## DIRECTIONS
Pictures are to be left out, and only the lines below starting at the one with "Men's Contrast-Stripe Knit Tee Black" and ending at the one with "[BUNJANG] Polo Ralph" are to be reproduced, each exactly, both ends included.

## AVAILABLE DATA
:::
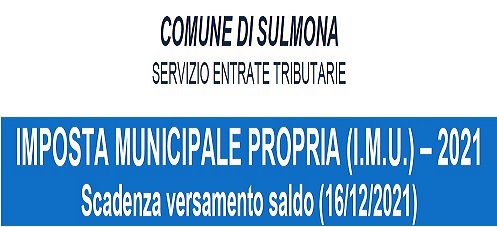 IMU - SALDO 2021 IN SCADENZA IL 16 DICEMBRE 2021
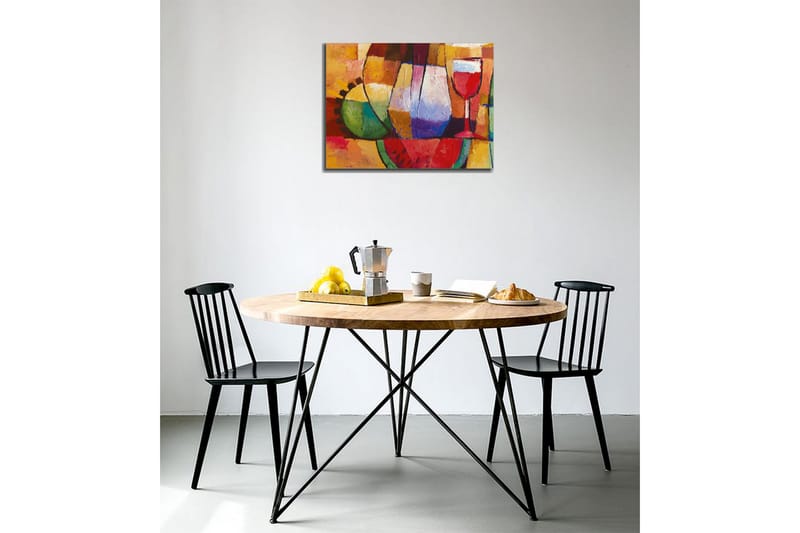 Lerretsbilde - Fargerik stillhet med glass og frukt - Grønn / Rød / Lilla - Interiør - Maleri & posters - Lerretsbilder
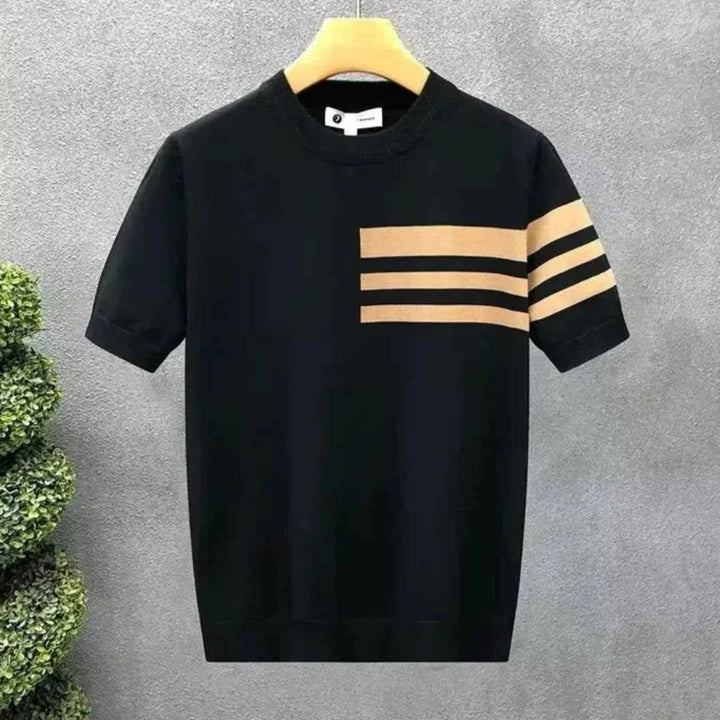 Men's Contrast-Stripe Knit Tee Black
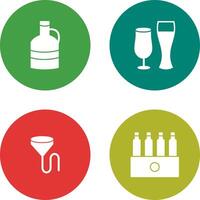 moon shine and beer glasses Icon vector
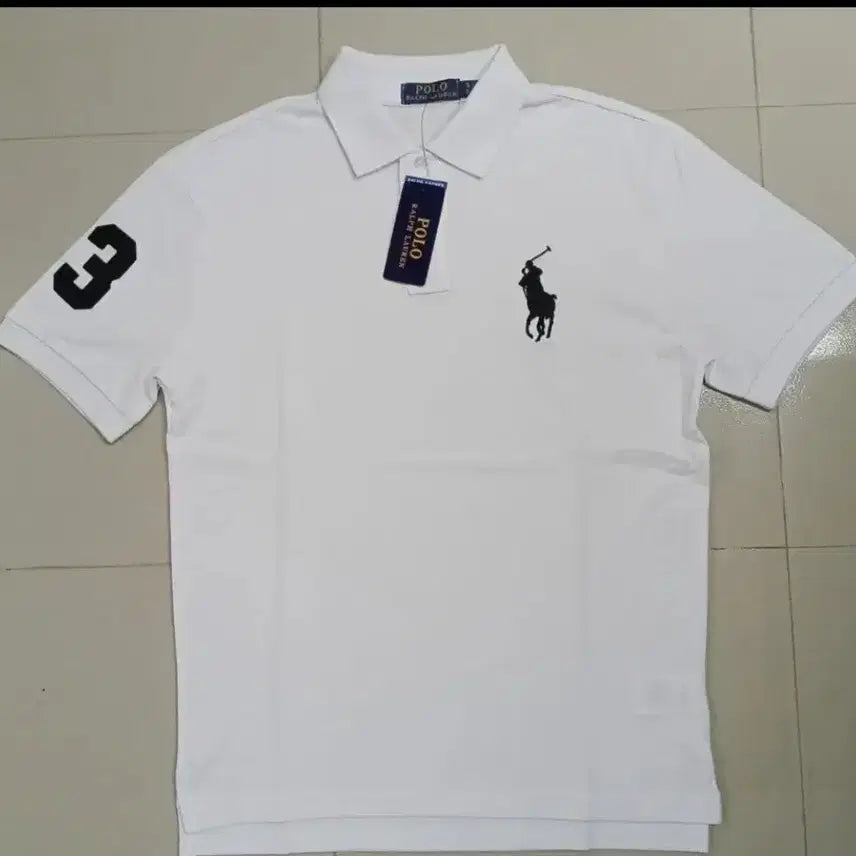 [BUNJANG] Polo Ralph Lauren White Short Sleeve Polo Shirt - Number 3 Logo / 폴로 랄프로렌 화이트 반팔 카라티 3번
:::
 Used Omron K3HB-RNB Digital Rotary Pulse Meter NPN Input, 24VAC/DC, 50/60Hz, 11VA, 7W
:::
## TASK ANSWER
 Men's Contrast-Stripe Knit Tee Black
 moon shine and beer glasses Icon vector
 [BUNJANG] Polo Ralph Lauren White Short Sleeve Polo Shirt - Number 3 Logo / 폴로 랄프로렌 화이트 반팔 카라티 3번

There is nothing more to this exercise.